Patterns, Trends, And Hypotheses
Key Takeaways
- A pattern is a repeated feature in the provided facts.
- A trend is a direction shown by the provided facts over time or across examples.
- A hypothesis is a possible explanation that must remain tied to the evidence.
- The best answer should fit the prompt without requiring outside assumptions.
Patterns, Trends, And Hypotheses
A pattern is a repeated feature in the material you are given. A trend is a direction shown by several facts, such as an increase, decrease, or repeated outcome. A hypothesis is a possible explanation for those facts. In CJBAT preparation, these ideas are useful because Inductive Reasoning is an official minimum competency, and the exam expects you to reason from provided information.

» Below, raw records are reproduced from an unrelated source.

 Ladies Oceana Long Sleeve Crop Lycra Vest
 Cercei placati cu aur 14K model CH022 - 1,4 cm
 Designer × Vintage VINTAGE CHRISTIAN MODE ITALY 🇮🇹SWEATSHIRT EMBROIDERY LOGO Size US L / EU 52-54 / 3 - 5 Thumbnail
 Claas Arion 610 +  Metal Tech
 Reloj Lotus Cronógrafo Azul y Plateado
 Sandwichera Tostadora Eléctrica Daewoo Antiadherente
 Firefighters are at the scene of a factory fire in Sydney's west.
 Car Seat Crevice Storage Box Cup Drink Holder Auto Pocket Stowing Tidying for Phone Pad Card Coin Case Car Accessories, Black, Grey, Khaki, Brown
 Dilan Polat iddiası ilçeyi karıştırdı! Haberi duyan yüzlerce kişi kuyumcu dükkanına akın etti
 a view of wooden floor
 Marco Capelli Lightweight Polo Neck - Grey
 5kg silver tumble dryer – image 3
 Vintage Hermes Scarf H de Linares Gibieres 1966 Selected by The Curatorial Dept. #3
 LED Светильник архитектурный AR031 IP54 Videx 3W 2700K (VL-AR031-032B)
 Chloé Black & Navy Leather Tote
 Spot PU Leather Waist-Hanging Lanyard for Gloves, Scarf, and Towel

The safest approach is to build the conclusion after reading all the evidence. Do not decide too early. A first detail may suggest one answer, but a later detail may narrow it or change the pattern. Good inductive reasoning waits for the whole set of facts, then chooses the option that explains the set most completely.
Use this pattern routine:
- List the examples in the order given.
- Circle repeated words, actions, conditions, or outcomes.
- Note any item that does not fit the early pattern.
- Ask whether the pattern is strong, partial, or weak.
- Choose an answer that matches the strength of the evidence.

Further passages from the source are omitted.